GIVEN INFORMATION
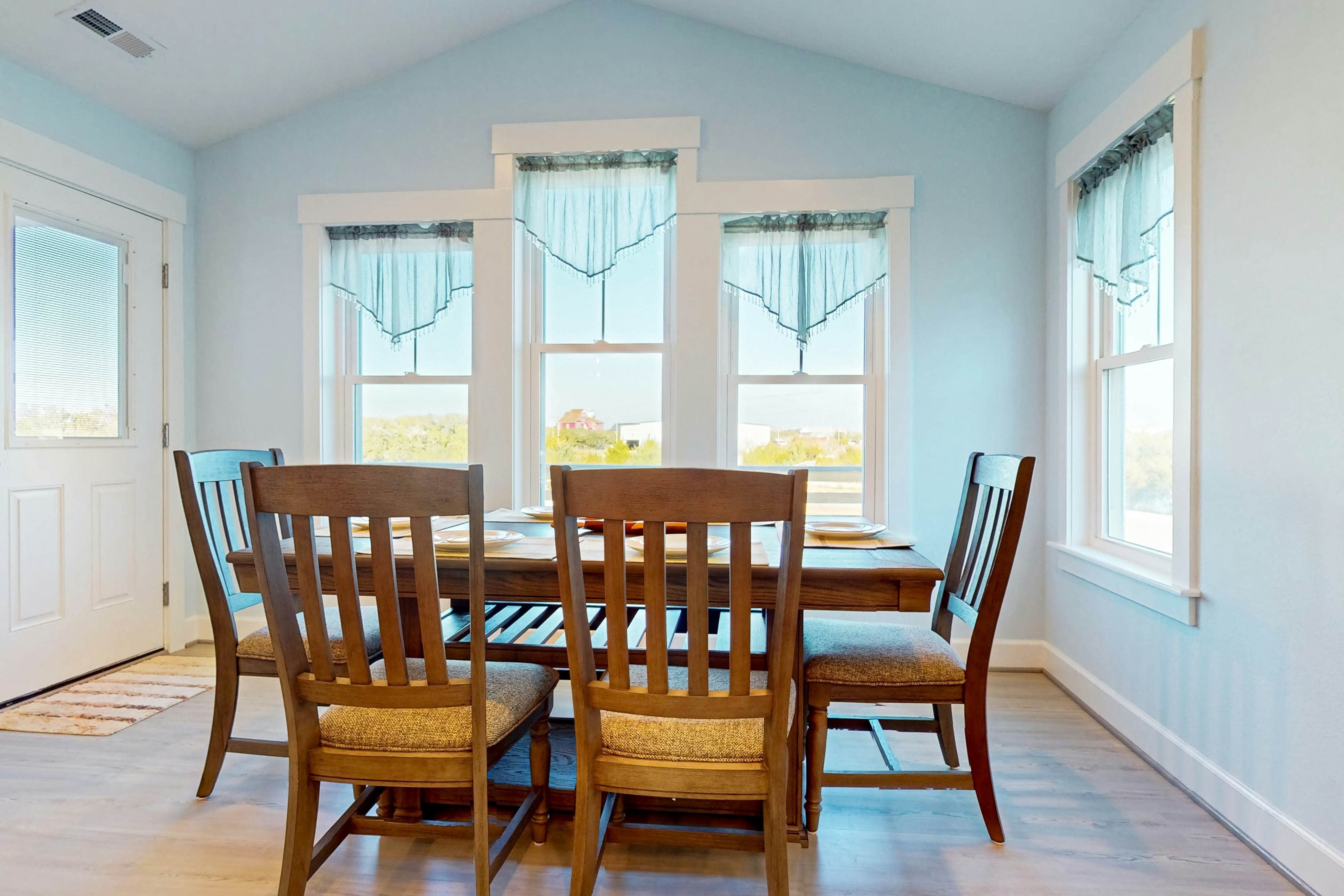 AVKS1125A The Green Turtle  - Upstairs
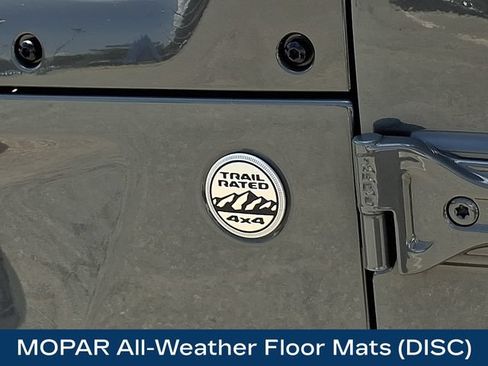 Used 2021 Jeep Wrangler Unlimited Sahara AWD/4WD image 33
...
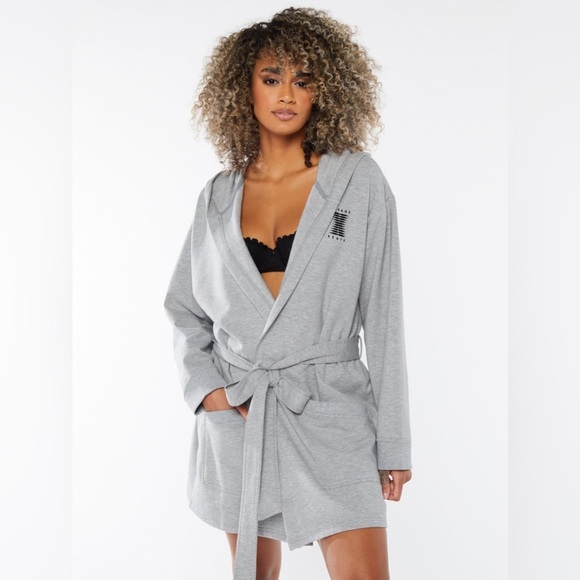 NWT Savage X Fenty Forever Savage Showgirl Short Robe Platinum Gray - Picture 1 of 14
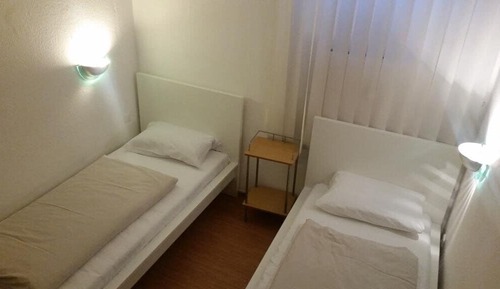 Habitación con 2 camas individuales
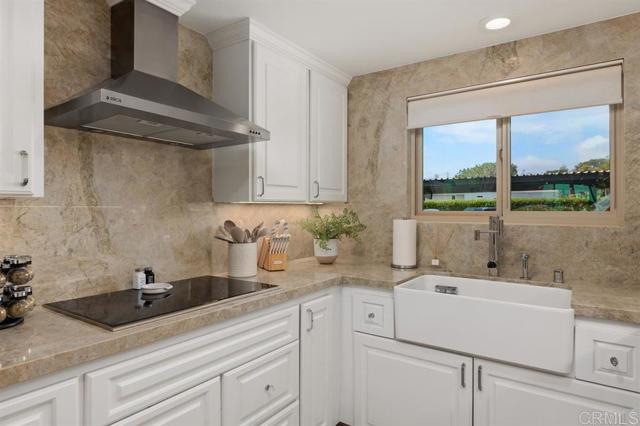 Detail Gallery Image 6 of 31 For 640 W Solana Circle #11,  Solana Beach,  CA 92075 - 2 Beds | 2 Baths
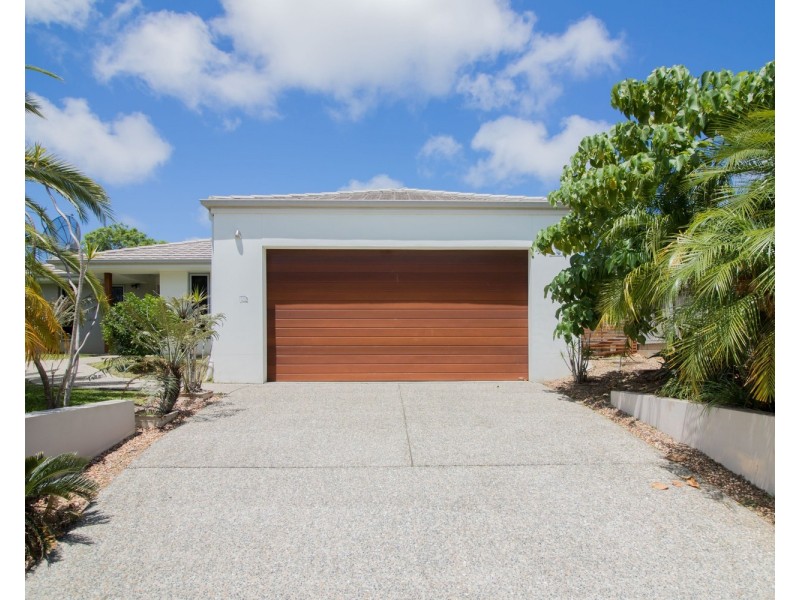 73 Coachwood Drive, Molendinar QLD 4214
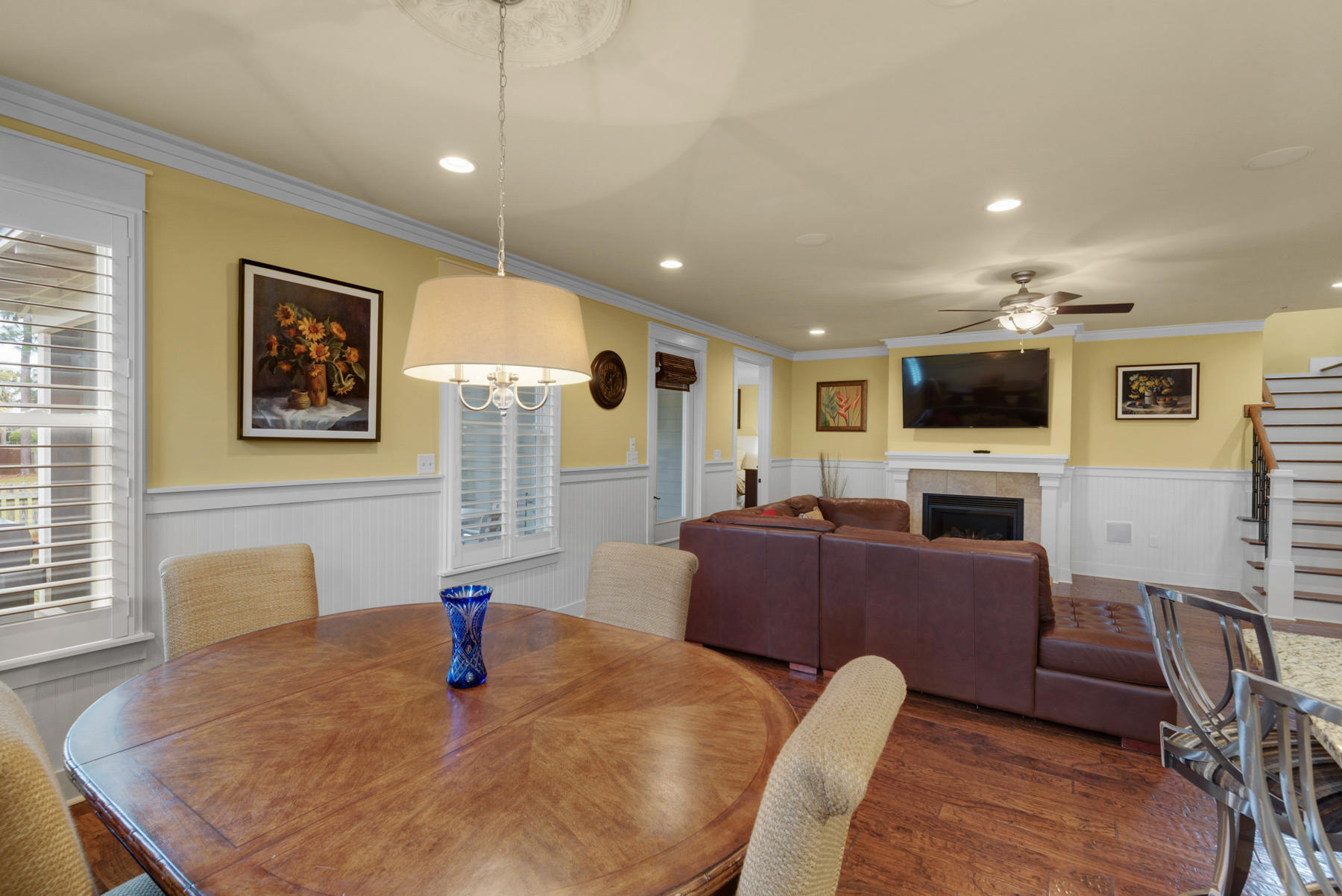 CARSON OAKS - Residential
--
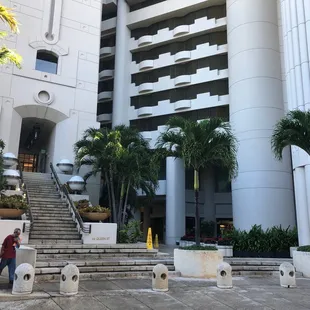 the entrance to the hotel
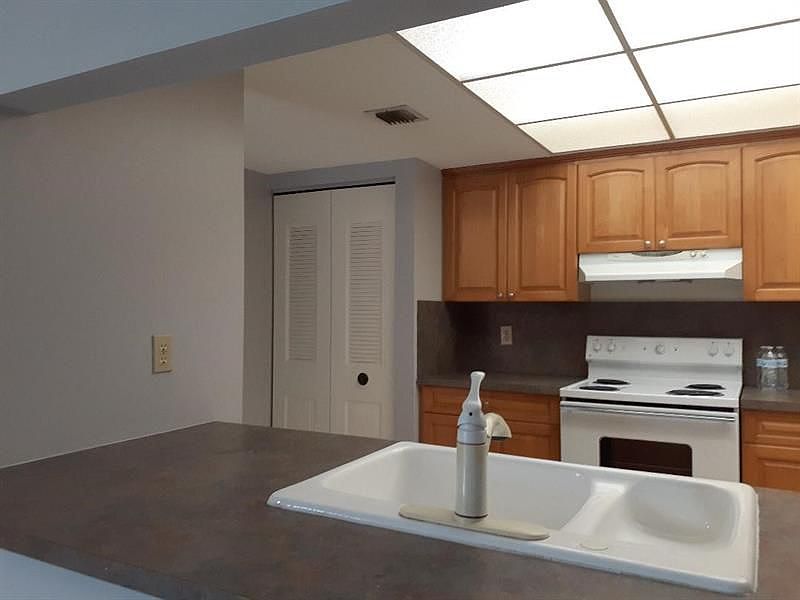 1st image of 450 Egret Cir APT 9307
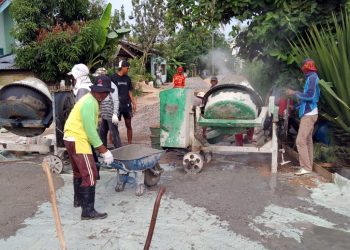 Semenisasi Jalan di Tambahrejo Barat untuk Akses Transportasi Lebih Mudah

ACTIVITY
Only one part of the material above is wanted: the lines from the one with "AVKS1125A The Green" up to and including the one with "Used 2021 Jeep". Please copy them exactly, pictures left out.

COMPLETED EXERCISE
 AVKS1125A The Green Turtle  - Upstairs
 Used 2021 Jeep Wrangler Unlimited Sahara AWD/4WD image 33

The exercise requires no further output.